Holland Hall students typically have 18 modules each day with a class consisting of two to three twenty-two minute modules. The administrator of each class decides whether to take two or three mods for his or her class. Students begin each day at 8:00am in a morning meeting which ends at 8:20am. This module is similar to Casady’s chapel period; Holland Hall students are informed of the daily ongoings during this morning meeting. However, unlike Casady’s schedule, Holland Hall begins later on Wednesdays at 8:45am. Dr. Wardrop also stated that Holland Hall does not have bells to declare when a class ends or begins; this change is also coming to Casady next year along with the new schedule. When asked if not having bells served as a hindrance in the functionality of getting from class to class, Dr. Wardrop conveyed that classes ran quite smoothly and on time “without the jarring of the bells.” Another distinct feature of Holland Hall’s schedule is that seniors have the ability to check out of school for multiple free modules throughout the day. This is an especially interesting feature considering that Casady Upper Division students next year will also have multiple periods of free time on certain days when teachers do not use the X period.
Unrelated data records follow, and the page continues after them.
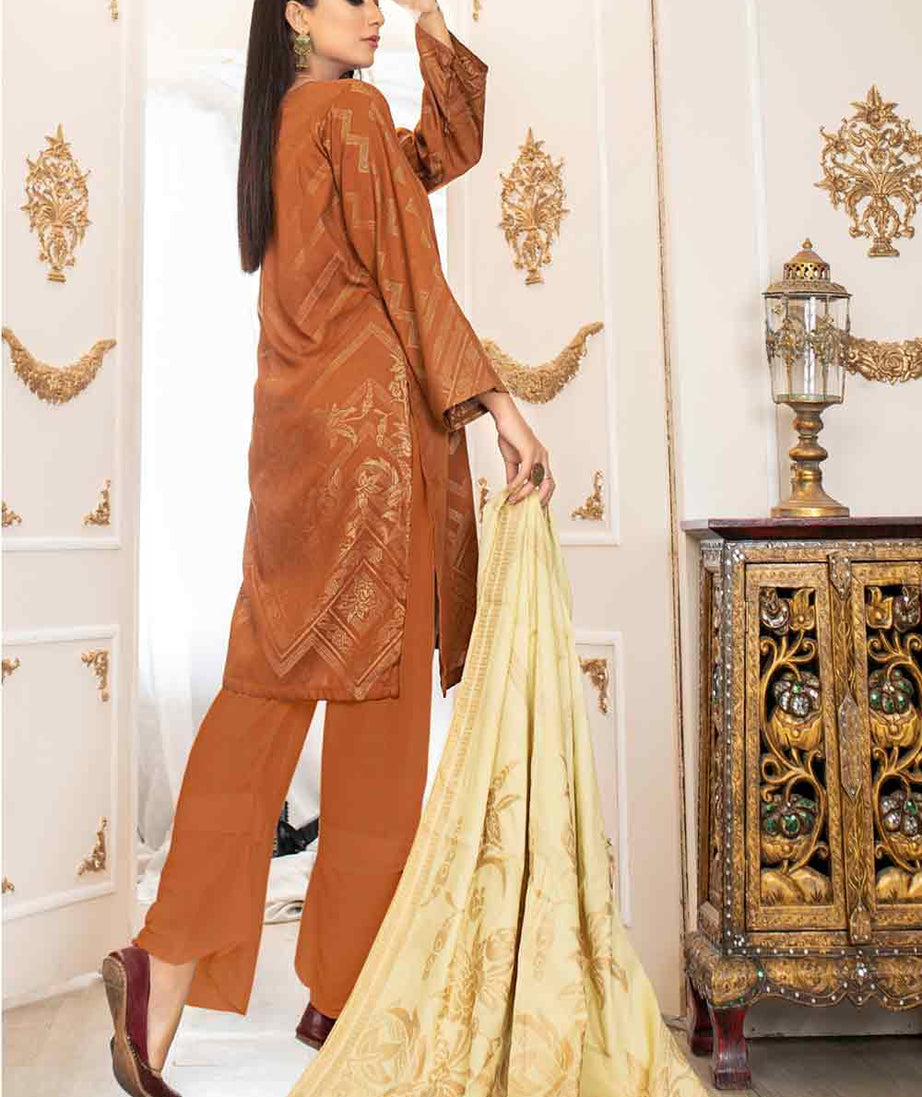Fiza Noor Mayal'21 D#12
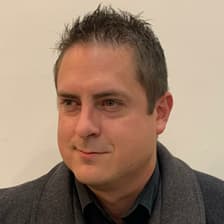 Profile picture for Graham Reed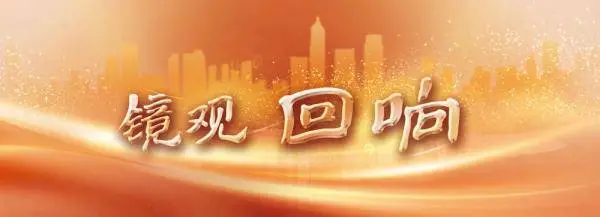 _镜观·回响丨春风育人，硕果盈枝_镜观·回响丨春风育人，硕果盈枝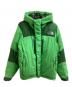 THE NORTH FACE（ザ ノース フェイス）の古着「Baltoro Right Jacket / バルトロライトジャケット / ND91201」｜グリーン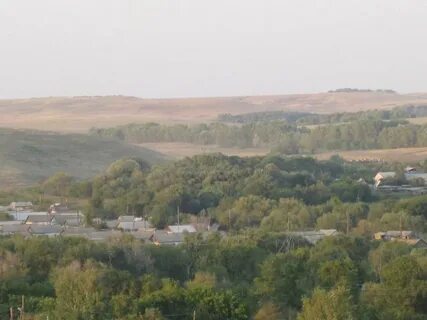 Доска объявлений село оренбургская область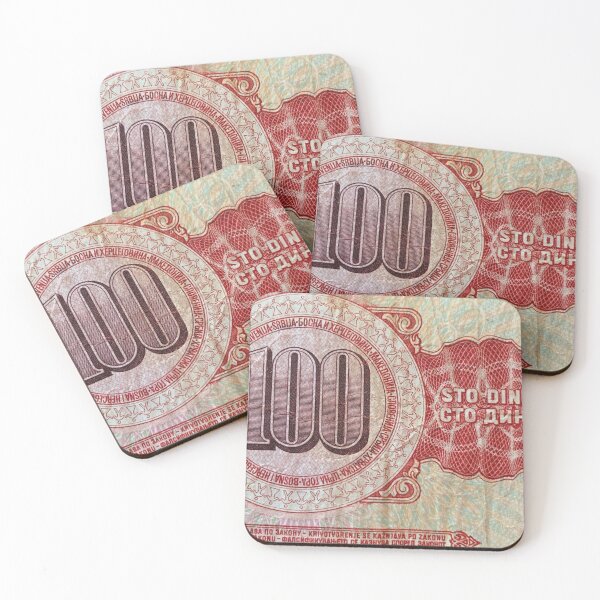 Item preview, Foreign currency designed and sold by robzeeart.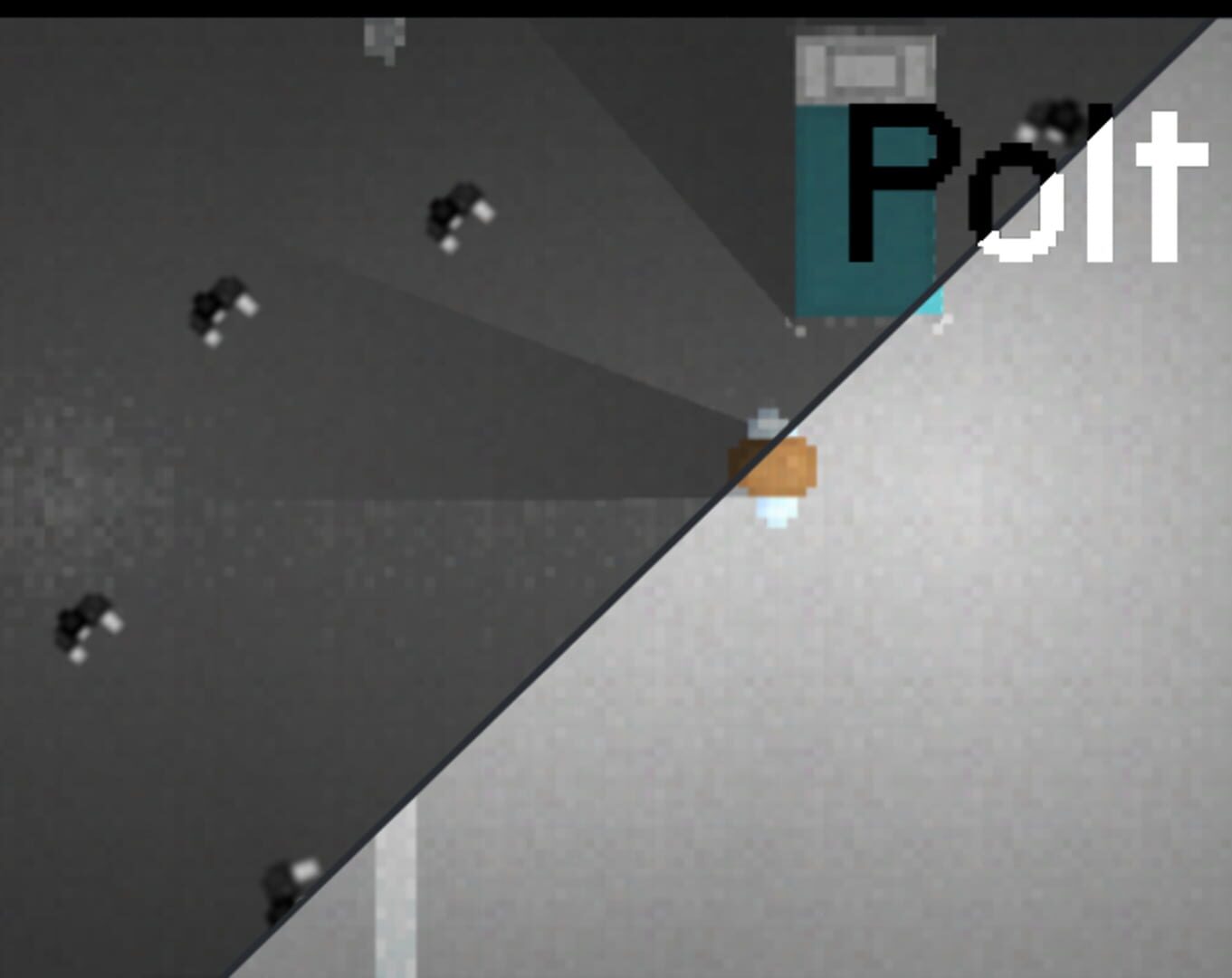 Artwork for Polt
Along with Holland Hall’s unique modular schedule comes a different approach to teaching classes. Dr. Wardrop observed that its signature American Studies course that is taken by all juniors combines traditional English and History courses into one collaborative class with two instructors. Students in this course engage in a variety of educational activities from Harkness discussions to creating their own podcasts. They also interact in kinesthetic learning activities such as performing plays to learn course material. The two administrators seem to incorporate their ideas and plans to create “a really neat dynamic […] with individuals who bring two very different  perspectives,” Dr. Wardrop explained.

Although, there are many differences between Holland Hall’s modular schedule and Casady’s incoming schedule, there seems to be some similarities in the opportunities both programs offer to students and faculty members. Perhaps with Casady’s incoming schedule, teachers will have more freedom to collaborate with each other to create an interactive learning environment for students. The new schedule could allow students to learn how to manage their time wisely, and also give them more freedom to learn from teachers just as Holland Hall students may do with their modular schedule.